Simulation

AP Statistics Lectures

by Arnold Kling

Simulation

A statistical simulation is an attempt to estimate the properties of a process by using a random variable to represent that process.

For example, suppose that you did not know how to use Pascal's triangle or the binomial distribution. You are told that two evenly-matched teams, A and B, are going to play a best-of-five championship series, and you want to estimate how often team A will win the championship in four games.
This process can be simulated by using a series of coin flips. You could represent each game by a flip of a coin, with heads being a win for team A and tails a win for team B.

In this simulation, one "trial" consists of a series of coin flips until you have accumulated either three heads or three tails, representing the end of the championship series. For example, if you flip H, T, H, H, then the result of that trial is that team A wins in four games. This constitutes a success. On the other hand, the sequence H, H, H would constitute a failure, in that although team A wins, they do not win in exactly four games.

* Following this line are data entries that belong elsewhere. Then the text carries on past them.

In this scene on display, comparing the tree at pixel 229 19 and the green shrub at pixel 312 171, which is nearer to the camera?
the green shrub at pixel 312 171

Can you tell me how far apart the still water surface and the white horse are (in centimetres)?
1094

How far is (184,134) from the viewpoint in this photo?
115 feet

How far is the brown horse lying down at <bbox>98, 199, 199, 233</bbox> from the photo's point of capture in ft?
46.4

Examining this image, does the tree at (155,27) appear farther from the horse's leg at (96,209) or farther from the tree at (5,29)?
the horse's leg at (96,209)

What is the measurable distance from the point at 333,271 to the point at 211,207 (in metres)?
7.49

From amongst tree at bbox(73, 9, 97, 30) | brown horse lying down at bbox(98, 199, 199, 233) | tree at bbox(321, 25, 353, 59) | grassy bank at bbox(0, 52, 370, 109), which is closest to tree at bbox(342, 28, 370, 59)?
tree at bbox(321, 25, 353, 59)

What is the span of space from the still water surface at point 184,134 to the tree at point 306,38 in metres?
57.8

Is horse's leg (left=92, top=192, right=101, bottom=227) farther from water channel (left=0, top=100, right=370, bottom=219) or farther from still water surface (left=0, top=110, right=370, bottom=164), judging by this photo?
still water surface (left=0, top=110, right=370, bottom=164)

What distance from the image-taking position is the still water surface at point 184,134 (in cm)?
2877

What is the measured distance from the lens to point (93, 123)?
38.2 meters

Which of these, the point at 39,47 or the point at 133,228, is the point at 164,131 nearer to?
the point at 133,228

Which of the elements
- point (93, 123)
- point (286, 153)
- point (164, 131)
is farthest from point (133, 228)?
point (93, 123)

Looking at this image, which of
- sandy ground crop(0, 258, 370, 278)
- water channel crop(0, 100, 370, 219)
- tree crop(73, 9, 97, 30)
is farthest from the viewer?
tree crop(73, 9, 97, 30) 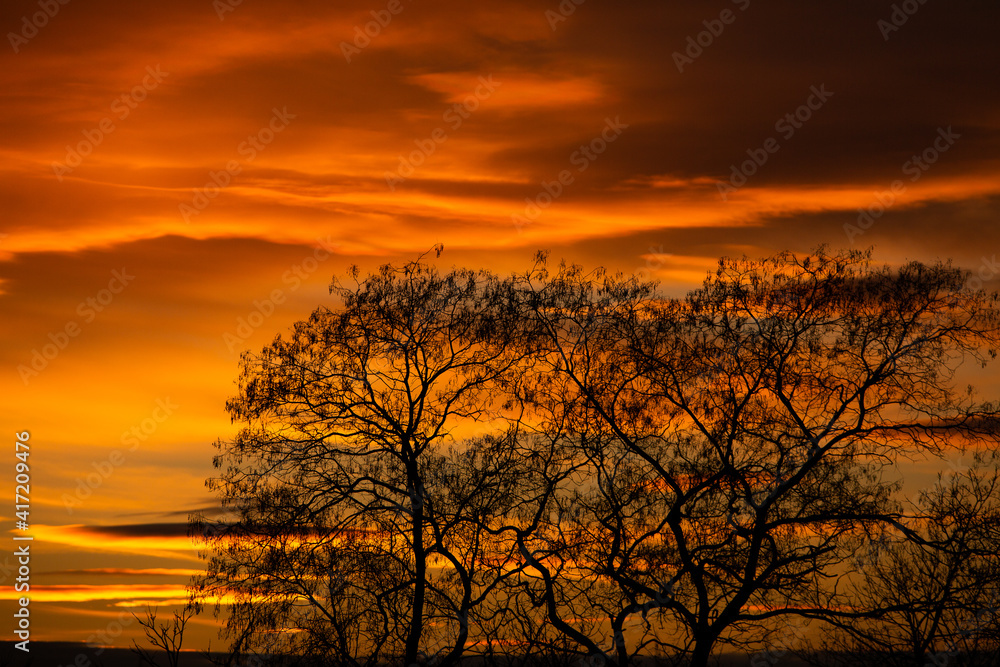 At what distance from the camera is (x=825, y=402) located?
24469 mm

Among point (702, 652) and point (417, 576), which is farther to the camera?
point (417, 576)

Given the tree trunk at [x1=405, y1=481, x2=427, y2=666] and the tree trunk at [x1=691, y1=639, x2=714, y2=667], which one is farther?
the tree trunk at [x1=405, y1=481, x2=427, y2=666]

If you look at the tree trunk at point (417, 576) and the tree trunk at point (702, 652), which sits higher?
the tree trunk at point (417, 576)

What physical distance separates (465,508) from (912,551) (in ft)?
36.2

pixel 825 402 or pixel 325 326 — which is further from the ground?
pixel 325 326

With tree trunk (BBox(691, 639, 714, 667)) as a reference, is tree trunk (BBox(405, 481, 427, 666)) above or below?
Result: above

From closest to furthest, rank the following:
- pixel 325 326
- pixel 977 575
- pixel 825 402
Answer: pixel 977 575 → pixel 825 402 → pixel 325 326

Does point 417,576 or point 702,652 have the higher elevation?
point 417,576

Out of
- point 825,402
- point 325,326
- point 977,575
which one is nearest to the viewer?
point 977,575

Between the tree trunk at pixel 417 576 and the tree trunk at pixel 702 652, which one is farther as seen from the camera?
the tree trunk at pixel 417 576

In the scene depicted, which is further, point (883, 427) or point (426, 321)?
point (426, 321)

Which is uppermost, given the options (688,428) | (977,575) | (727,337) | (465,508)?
Result: (727,337)

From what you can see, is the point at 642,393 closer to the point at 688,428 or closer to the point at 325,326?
the point at 688,428

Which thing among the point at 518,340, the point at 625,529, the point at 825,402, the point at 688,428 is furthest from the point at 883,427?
the point at 518,340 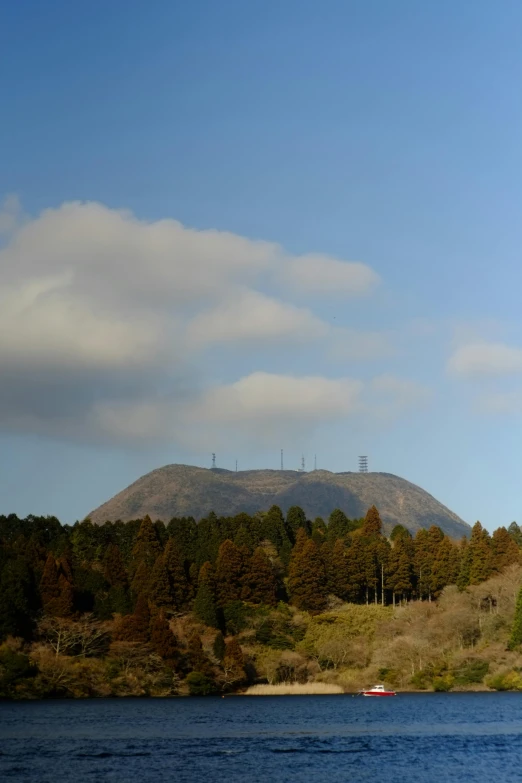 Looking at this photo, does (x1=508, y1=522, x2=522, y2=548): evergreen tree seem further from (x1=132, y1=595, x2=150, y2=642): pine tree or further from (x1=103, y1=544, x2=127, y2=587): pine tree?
(x1=132, y1=595, x2=150, y2=642): pine tree

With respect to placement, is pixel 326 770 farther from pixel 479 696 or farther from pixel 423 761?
pixel 479 696

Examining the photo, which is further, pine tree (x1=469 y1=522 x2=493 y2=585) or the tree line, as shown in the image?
pine tree (x1=469 y1=522 x2=493 y2=585)

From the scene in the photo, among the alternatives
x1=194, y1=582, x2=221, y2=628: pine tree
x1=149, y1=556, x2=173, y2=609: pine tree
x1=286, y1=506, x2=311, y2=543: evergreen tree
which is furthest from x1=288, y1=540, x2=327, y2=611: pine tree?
x1=286, y1=506, x2=311, y2=543: evergreen tree

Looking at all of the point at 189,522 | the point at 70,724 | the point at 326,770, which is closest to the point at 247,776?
the point at 326,770

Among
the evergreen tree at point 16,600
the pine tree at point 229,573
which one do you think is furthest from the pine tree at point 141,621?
the pine tree at point 229,573

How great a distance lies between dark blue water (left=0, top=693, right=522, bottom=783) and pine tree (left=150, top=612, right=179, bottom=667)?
10850 millimetres

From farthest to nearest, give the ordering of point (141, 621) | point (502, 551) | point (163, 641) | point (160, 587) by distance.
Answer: point (502, 551), point (160, 587), point (141, 621), point (163, 641)

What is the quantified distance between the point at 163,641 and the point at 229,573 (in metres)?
18.9

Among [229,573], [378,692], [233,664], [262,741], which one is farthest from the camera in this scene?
[229,573]

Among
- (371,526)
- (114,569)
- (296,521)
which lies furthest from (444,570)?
(114,569)

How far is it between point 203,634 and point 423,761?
52955mm

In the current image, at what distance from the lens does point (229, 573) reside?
10606 centimetres

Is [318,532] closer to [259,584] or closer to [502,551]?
[502,551]

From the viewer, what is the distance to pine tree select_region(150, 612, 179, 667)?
8769cm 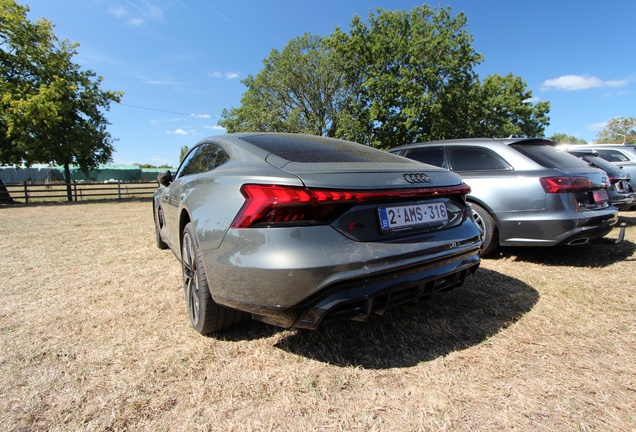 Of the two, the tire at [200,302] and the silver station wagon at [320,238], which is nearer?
the silver station wagon at [320,238]

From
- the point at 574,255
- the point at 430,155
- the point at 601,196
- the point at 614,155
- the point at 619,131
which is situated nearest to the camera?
the point at 601,196

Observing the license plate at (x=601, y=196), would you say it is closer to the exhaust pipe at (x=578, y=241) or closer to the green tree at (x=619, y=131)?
the exhaust pipe at (x=578, y=241)

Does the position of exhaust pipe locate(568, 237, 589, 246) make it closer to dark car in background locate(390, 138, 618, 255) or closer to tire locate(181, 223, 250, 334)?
dark car in background locate(390, 138, 618, 255)

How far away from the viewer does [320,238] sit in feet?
5.21

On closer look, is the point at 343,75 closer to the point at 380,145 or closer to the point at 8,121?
the point at 380,145

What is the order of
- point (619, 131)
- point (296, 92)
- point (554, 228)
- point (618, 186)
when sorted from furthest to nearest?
point (619, 131)
point (296, 92)
point (618, 186)
point (554, 228)

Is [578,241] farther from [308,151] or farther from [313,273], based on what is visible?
[313,273]

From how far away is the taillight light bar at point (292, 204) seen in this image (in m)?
1.59

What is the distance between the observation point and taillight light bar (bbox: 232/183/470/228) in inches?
62.7

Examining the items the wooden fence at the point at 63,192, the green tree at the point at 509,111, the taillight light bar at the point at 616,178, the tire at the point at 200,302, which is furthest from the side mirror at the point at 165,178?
the green tree at the point at 509,111

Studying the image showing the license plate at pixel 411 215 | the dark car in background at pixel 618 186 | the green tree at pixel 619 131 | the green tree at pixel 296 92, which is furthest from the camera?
the green tree at pixel 619 131

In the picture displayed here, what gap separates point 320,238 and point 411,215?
584 mm

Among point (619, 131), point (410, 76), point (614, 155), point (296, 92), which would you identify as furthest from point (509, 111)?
point (619, 131)

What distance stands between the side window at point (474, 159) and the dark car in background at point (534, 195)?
1 centimetres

A simulation would consist of a large number of trials, say 100. If there were 35 successes in a hundred trials, then you would conclude from the simulation that the probability of team A winning in exactly four games is 35 percent.

In practice, statisticians use simulations in situations where the characteristics of the distribution cannot be known. Sometimes, there are too many variables interacting. This happens in financial modeling, where the value of a security may depend on movements in foreign exchange rates, interest rates, and the prices of different stocks.

Another situation that requires simulation is when there are clear reasons to expect departures from normality. If you are using data with a skewed distribution, and you want to get an idea of how the skewness affects confidence intervals, a simulation may be required.

Getting a Simulation Right

To construct a simulation correctly, take the following steps.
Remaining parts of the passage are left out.